- Interactive map of the Kroto Innovation Centre area

General information
- Type: Education
- Location: Sheffield, England
- Coordinates: 53°22′59.3″N 1°28′45.5″W﻿ / ﻿53.383139°N 1.479306°W

= Kroto Innovation Centre =

The Kroto Innovation Centre is an innovation centre for small and medium enterprises at the University of Sheffield. The centre is collocated in the Nanoscience building with the EPSRC Centre for III-V technologies. The centre is named after Sir Harry Kroto and the building is owned and managed by the University of Sheffield.

==History==
The Kroto Innovation Centre opened in 2007 and was funded by the European Regional Development Fund, Objective 1 South Yorkshire and The University of Sheffield as a space for emerging technology and nanoscale technology small and medium enterprises to work alongside University of Sheffield academics. It is the accompanying space to the Sheffield Bioincubator and was intended for early stage businesses as part of the Sheffield city region emerging technology cluster. Its purpose is to provide commercial links and access to Research and Development at the University of Sheffield.

==Nanoscience==
The Engineering and Physical Sciences Research Council national centre for III-V technologies creates III-V epitaxial materials, structures and devices in a university environment. As well as the University of Sheffield its partners include the University of Cambridge, the University of Glasgow and the University of Nottingham.
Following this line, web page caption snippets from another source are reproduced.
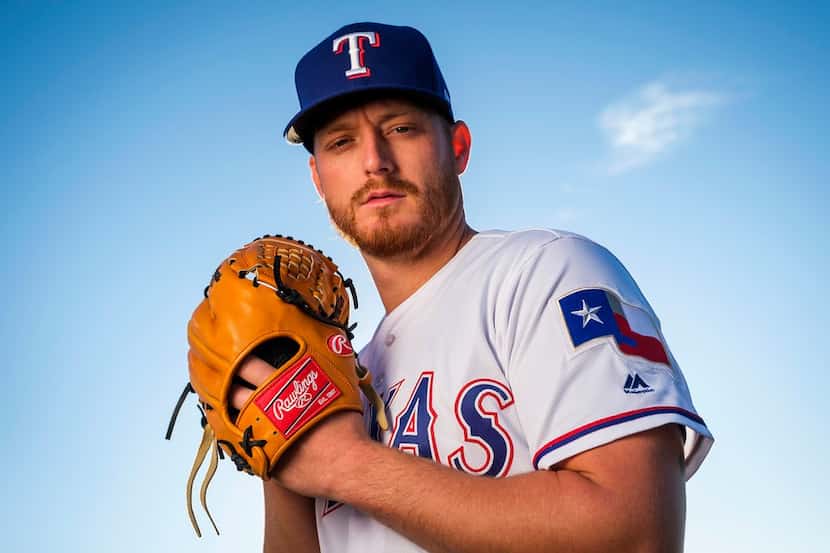 Texas Rangers pitcher Shelby Miller poses for a photograph during spring training photo day...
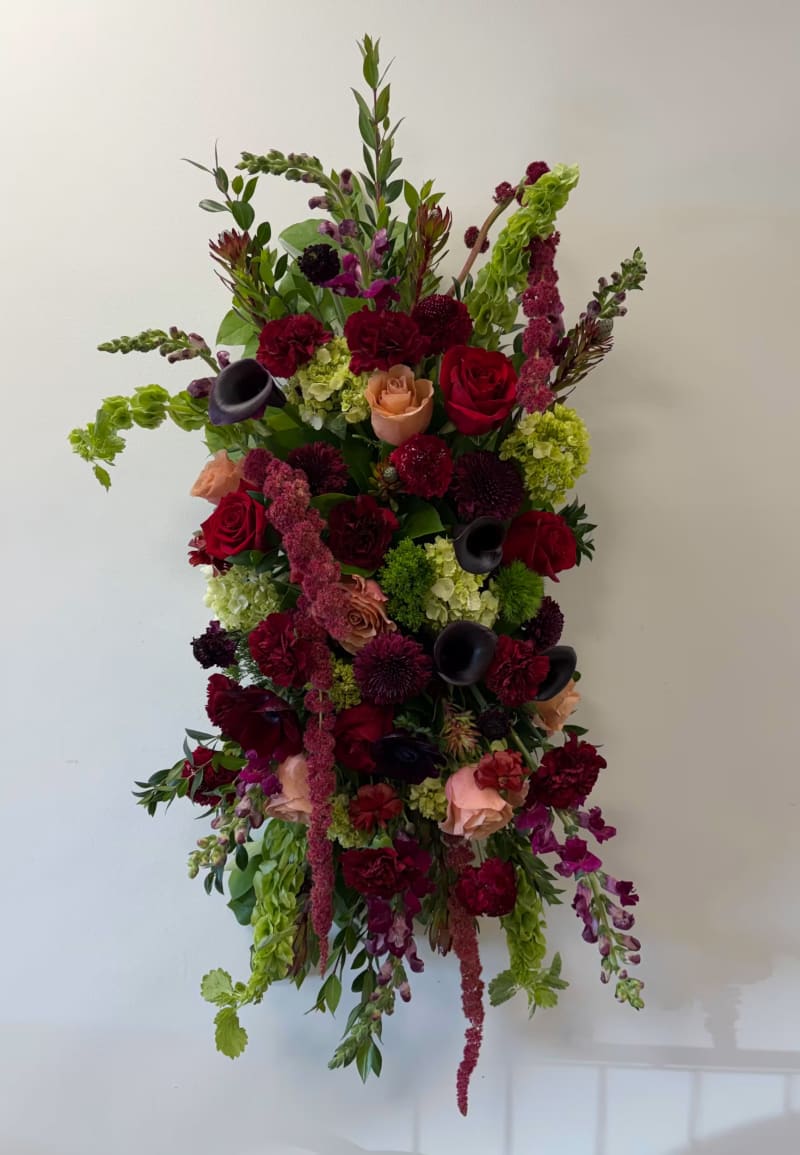 a standing spray arrangement in shades of deep red, purple, and natural green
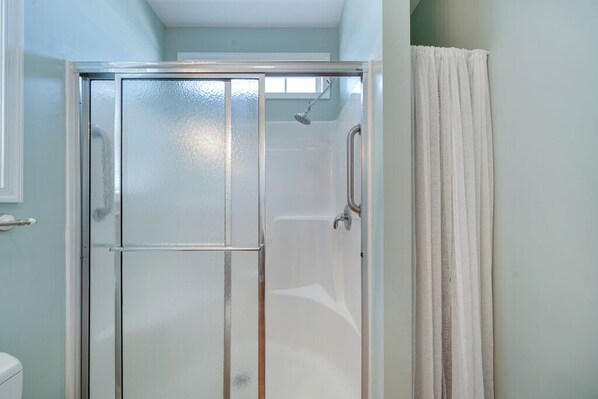 A glass-enclosed shower stall with a white curtain, a visible showerhead, and a white toilet to the left.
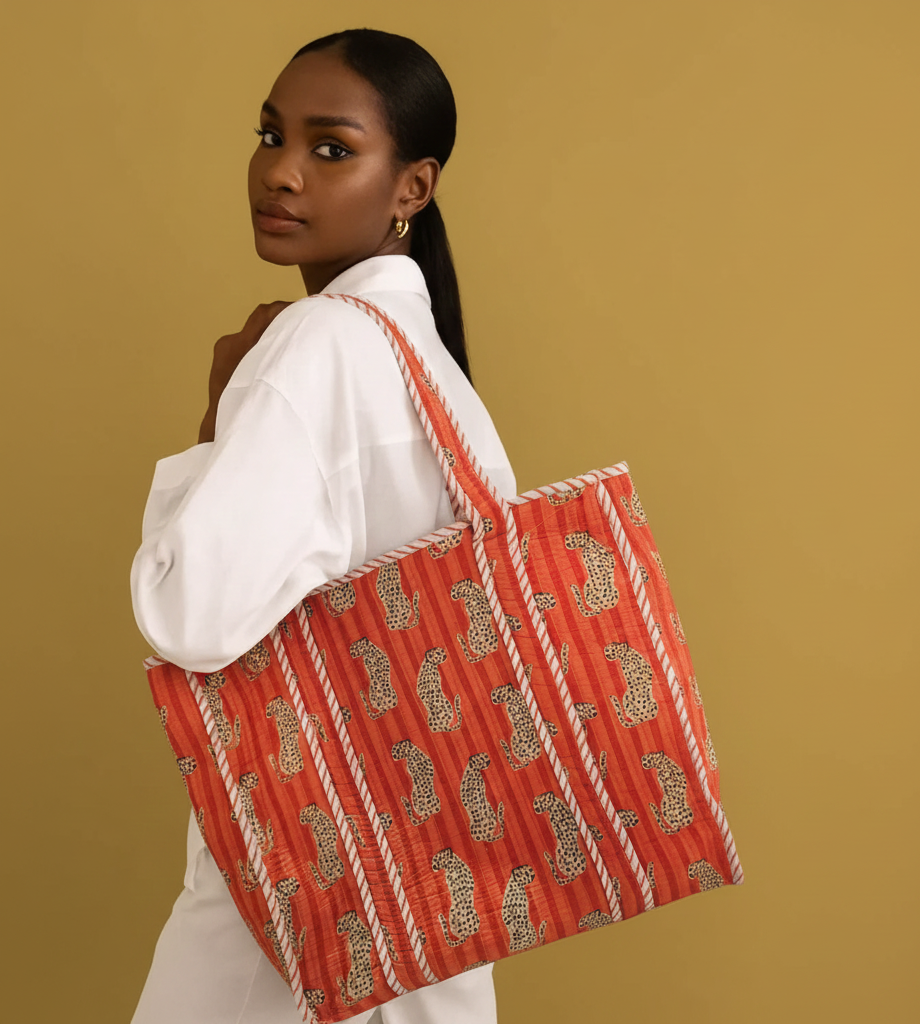 Woman holding a red block print bag against from Jaipur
The University of Sheffield site is the main physical space for the partnership.

==Notable partnerships==
The centre is home to the Siemens Wind Power Research Centre which carries out innovative research into wind power.

Another notable company based at the centre is Ossila Ltd, who have partnered with the University of Sheffield and other universities on a variety of projects, including a commission from the National Tsing Hua University to create the Fast Automated Characterization of Transistors System in 2013 to accelerate organic electronics research in Semiconductor device fabrication and polymer testing.